You can use either to interact with S3.

To connect to the low-level client interface, you must use Boto3’s client(). You then pass in the name of the service you want to connect to, in this case, s3:

import boto3
s3_client = boto3.client('s3')

To connect to the high-level interface, you’ll follow a similar approach, but use resource():

import boto3
s3_resource = boto3.resource('s3')

You’ve successfully connected to both versions, but now you might be wondering, “Which one should I use?”

With clients, there is more programmatic work to be done. The majority of the client operations give you a dictionary response. To get the exact information that you need, you’ll have to parse that dictionary yourself. With resource methods, the SDK does that work for you.

With the client, you might see some slight performance improvements. The disadvantage is that your code becomes less readable than it would be if you were using the resource. Resources offer a better abstraction, and your code will be easier to comprehend.

Understanding how the client and the resource are generated is also important when you’re considering which one to choose:

  • Boto3 generates the client from a JSON service definition file. The client’s methods support every single type of interaction with the target AWS service.
  • Resources, on the other hand, are generated from JSON resource definition files.

Boto3 generates the client and the resource from different definitions. As a result, you may find cases in which an operation supported by the client isn’t offered by the resource. Here’s the interesting part: you don’t need to change your code to use the client everywhere. For that operation, you can access the client directly via the resource like so: s3_resource.meta.client.

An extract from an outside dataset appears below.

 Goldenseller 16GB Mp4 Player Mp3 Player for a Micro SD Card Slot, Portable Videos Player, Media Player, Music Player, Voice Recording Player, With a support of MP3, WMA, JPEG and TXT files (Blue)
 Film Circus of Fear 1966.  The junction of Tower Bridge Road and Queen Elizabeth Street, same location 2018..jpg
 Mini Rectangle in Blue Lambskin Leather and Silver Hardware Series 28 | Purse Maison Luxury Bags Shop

One such client operation is .generate_presigned_url(), which enables you to give your users access to an object within your bucket for a set period of time, without requiring them to have AWS credentials.

Common Operations

Now that you know about the differences between clients and resources, let’s start using them to build some new S3 components.

Creating a Bucket

To start off, you need an S3 bucket. To create one programmatically, you must first choose a name for your bucket. Remember that this name must be unique throughout the whole AWS platform, as bucket names are DNS compliant. If you try to create a bucket, but another user has already claimed your desired bucket name, your code will fail. Instead of success, you will see the following error: botocore.errorfactory.BucketAlreadyExists.

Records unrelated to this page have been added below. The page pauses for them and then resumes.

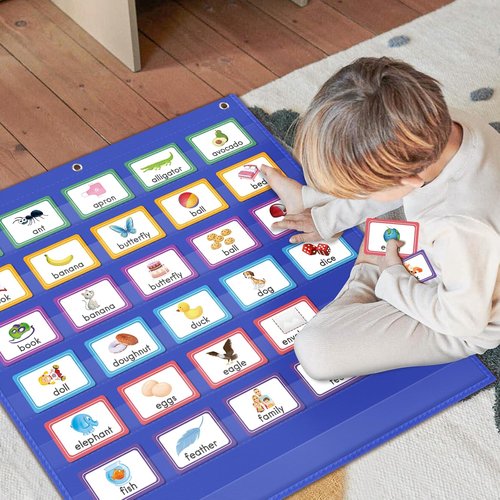 AUVCAS Heavy-Duty Pocket Chart - Clear 28" x 28" for Classroom & Home | Ideal for Word Wall & Sentence Strips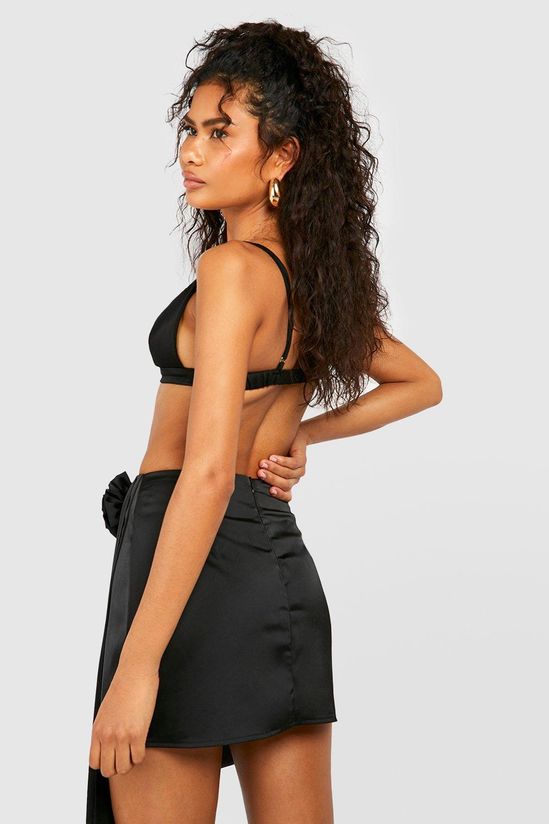 Satin Rose Corsage Drape Mini Skirt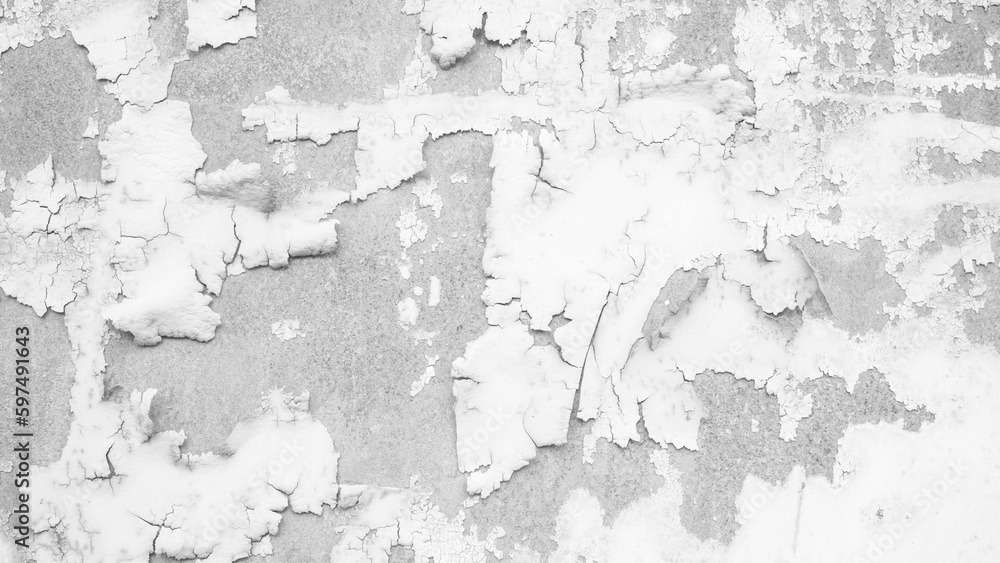 Obraz premium White gray grey painted peeled off, exfoliated weathered old aged concrete cement plaster facade wall texture background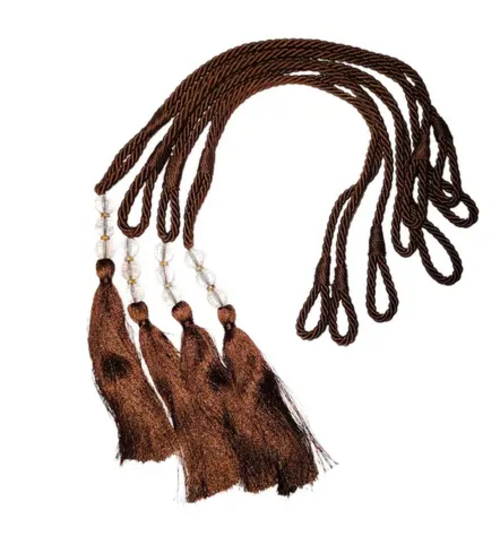 Curtain Tie Belts Holders Tassal Curtain Dori Pack of 4 Piece (Coffee)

You can increase your chance of success when creating your bucket by picking a random name. You can generate your own function that does that for you. In this implementation, you’ll see how using the uuid module will help you achieve that. A UUID4’s string representation is 36 characters long (including hyphens), and you can add a prefix to specify what each bucket is for.

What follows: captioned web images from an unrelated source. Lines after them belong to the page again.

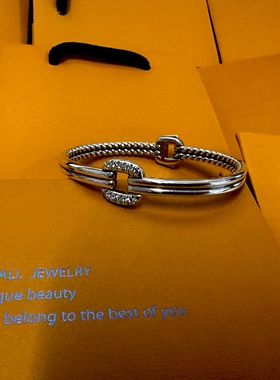 s925纯银复古多层交叉黑白线条人创意甜酷风锁头设计女士小众设计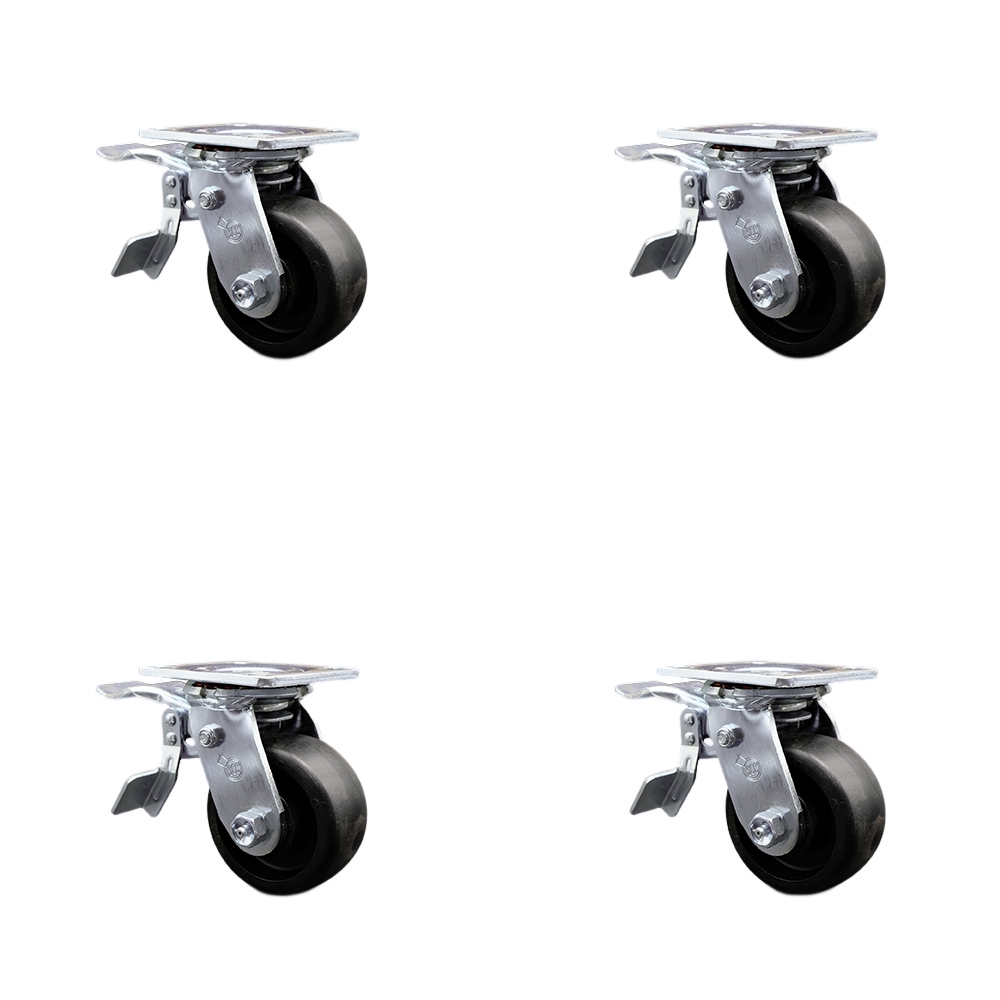 Heavy Duty Swivel Caster Set of 4 with 4 Inch High Temperature Glass Filled Nylon Wheels and Ball Bearings - Includes 4 Swivel with Total Lock Brakes - 4,800 lbs. Total Capacity - Service Caster Brand — photo 1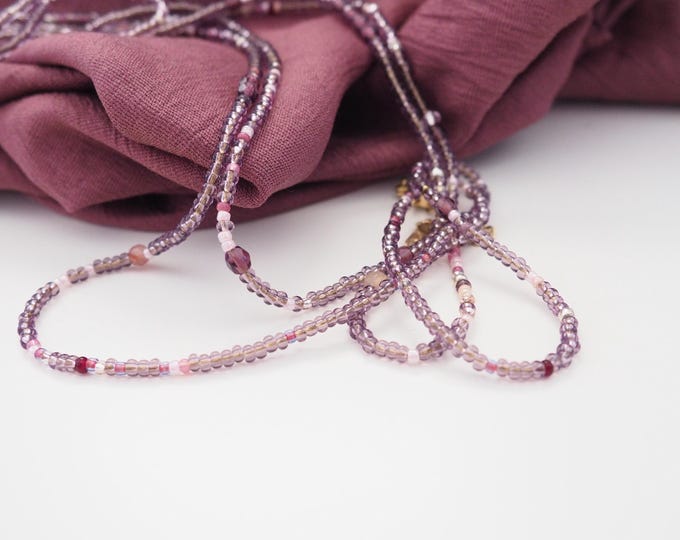 Collana di perline e cristalli colore Ametista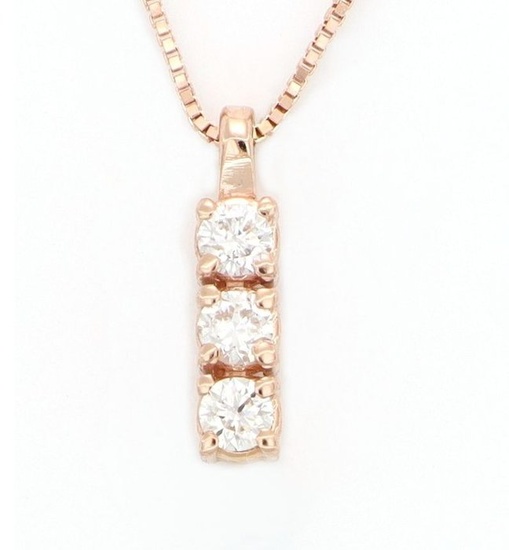 Pink gold - Necklace with pendant - 0.12 ct Diamond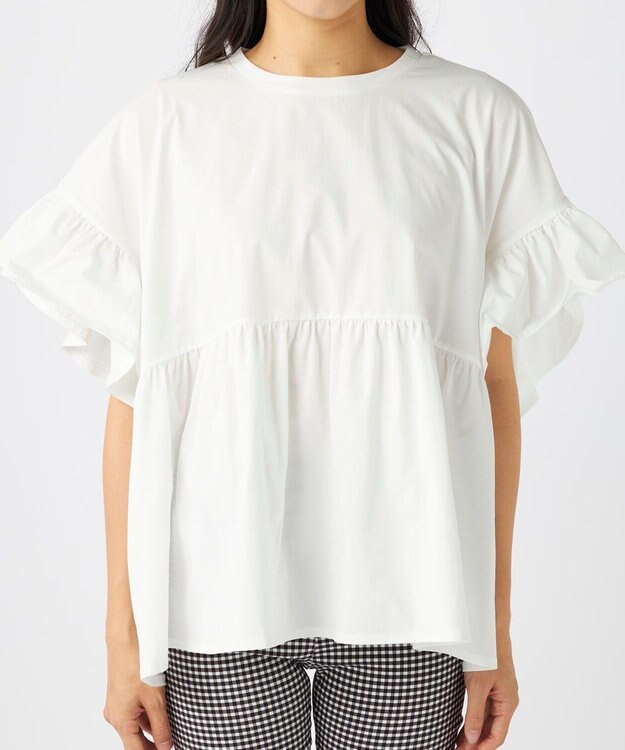 OP／FILA 【Ocean Pacific】らくティブ｜ティアード袖フレアカットソー ホワイト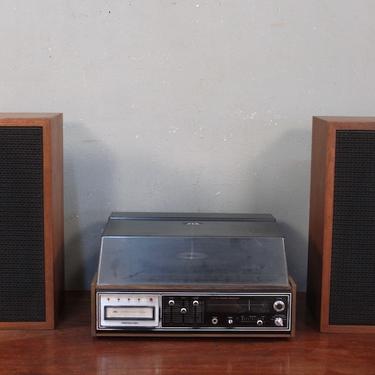 1970s Record &amp; 8-Track Stereo System With Speakers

Related:  Basic Useful Functions for PySpark DataFrame

Here’s a way you can achieve that:

import uuid
def create_bucket_name(bucket_prefix):
    # The generated bucket name must be between 3 and 63 chars long
    return ''.join([bucket_prefix, str(uuid.uuid4())])

You’ve got your bucket name, but now there’s one more thing you need to be aware of: unless your region is in the United States, you’ll need to define the region explicitly when you are creating the bucket. Otherwise you will get an IllegalLocationConstraintException.

To exemplify what this means when you’re creating your S3 bucket in a non-US region, take a look at the code below:

s3_resource.create_bucket(Bucket=YOUR_BUCKET_NAME,
                          CreateBucketConfiguration={
                              'LocationConstraint': 'eu-west-1'})

You need to provide both a bucket name and a bucket configuration where you must specify the region, which in my case is eu-west-1.

This isn’t ideal. Imagine that you want to take your code and deploy it to the cloud. Your task will become increasingly more difficult because you’ve now hardcoded the region. You could refactor the region and transform it into an environment variable, but then you’d have one more thing to manage.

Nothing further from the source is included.